Then, in May 2021, a conversation with an old friend reframed the whole thing. Sahil writes about it in a newsletter titled “It’s Later Than You Think”, and it has since become the pivotal opening story in the beginning of his book as well.

As they were sitting down for a drink, Sahil mentioned that living in California, so far from his aging parents in Boston, had been wearing on him. His friend asked how often he saw them and how old they were. Sahil said he saw them about once a year, and they were in their mid-sixties. The friend’s reply was simple math: you’re only going to see them fifteen more times in your life.

Forty-five days later, the house in California was listed. He left private equity the same year, and the side project became his main work. The 5 Types of Wealth later debuted as an instant New York Times, USA Today, and Sunday Times bestseller in 2025, and his newsletter now has over 800,000 readers.

That’s a pretty impressive pivot. But what he didn’t do to make any of that happen is the part that might surprise most PKM-practicing knowledge workers.

So in the rest of this post, I want to give you a brief breakdown of Sahil Bloom’s Creativity Flywheel.

Capture: One Notebook, One Rule

Sahil’s capture system is a dot grid Moleskine pocket notebook, paired with a Fisher Space Pen. He’s written on LinkedIn that he tried “every fancy note-taking strategy in the world” before settling on this. The pocket size is the point: it forces him to capture only high-impact ideas, because there isn’t room for the kind of arbitrary note-taking that dominated his school years.

The constraint that turns the notebook into a system, though, isn’t the size. It’s the rule he applies to what he captures there: anything he writes down has to create movement within 24 hours. Movement can mean teaching the idea to someone, reading more about it, executing the todo, or simply crossing it off as uninteresting. Whatever the action, the entry can’t sit there untouched.

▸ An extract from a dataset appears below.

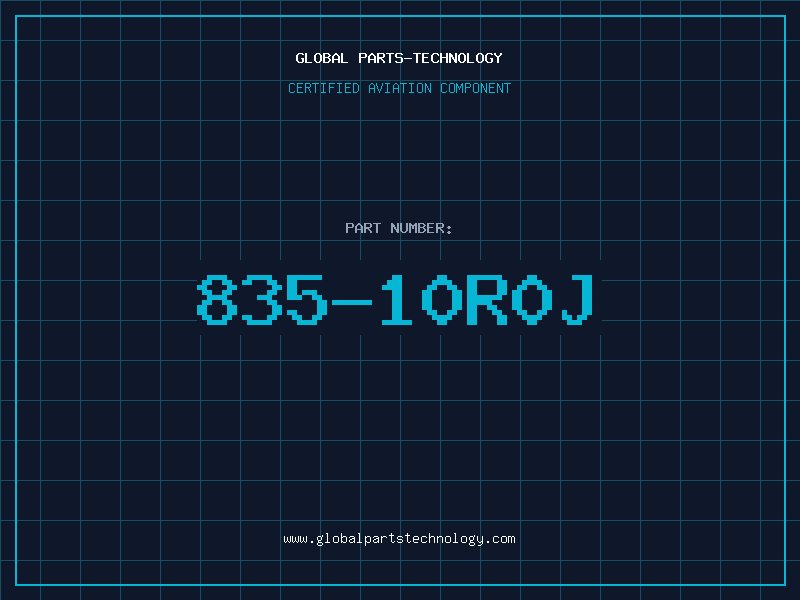 Aviation Part 835-10R0J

This sounds almost trivially simple. But notice what it eliminates: the inbox. The most common failure mode in any PKM system is that captures arrive faster than they get processed, and the unprocessed pile becomes its own source of guilt and shame. Sahil’s rule has no inbox to fall behind on. The notebook clears continuously.

There is an obvious cost to this strategy. He does lose ideas that might have mattered later. But the benefit is that nothing accumulates dead weight. For someone whose primary output is short-form prose with a fast production cycle, that’s a calculated tradeoff.

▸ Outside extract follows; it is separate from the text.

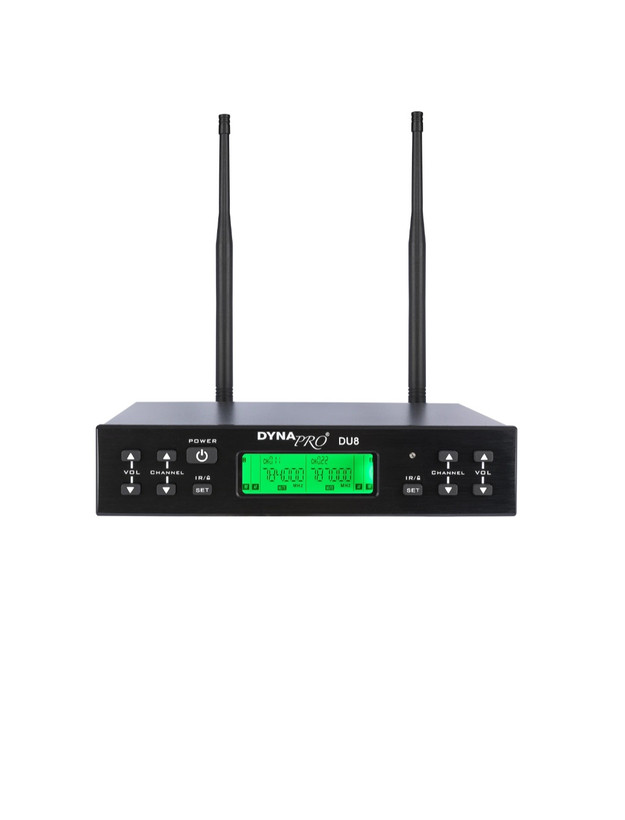 میکروفن بی سیم دایناپرو مدل u8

What survives the 24-hour test, though, has to go somewhere. That’s where his second framework kicks in.

Curate: Sahil’s Five-Step Retention Framework

In a 2022 newsletter titled “How to Retain What You Learn,” Sahil laid out the framework he uses for material he actually wants to keep, not just react to. There are five steps:

  1. Inspired Consumption — only consume what genuinely pulls you, and quit when the inspiration fades.
  2. Unstructured Note-Taking — capture novel insights, key ideas, and anything that caused a reaction.
  3. Consolidation — zoom out and group the unstructured notes around themes.
  4. Analogize — place the new information into existing mental maps.
  5. Idea Exercise — use spaced repetition so the learning doesn’t atrophy.

In Sahil’s system, the notes aren’t the destination. They’re simply a stage in a process whose endpoint is “this is now part of how I think.”

Most people stop at the note-taking stage and call themselves note-takers. But Sahil has a process that incorporates them into new mental models.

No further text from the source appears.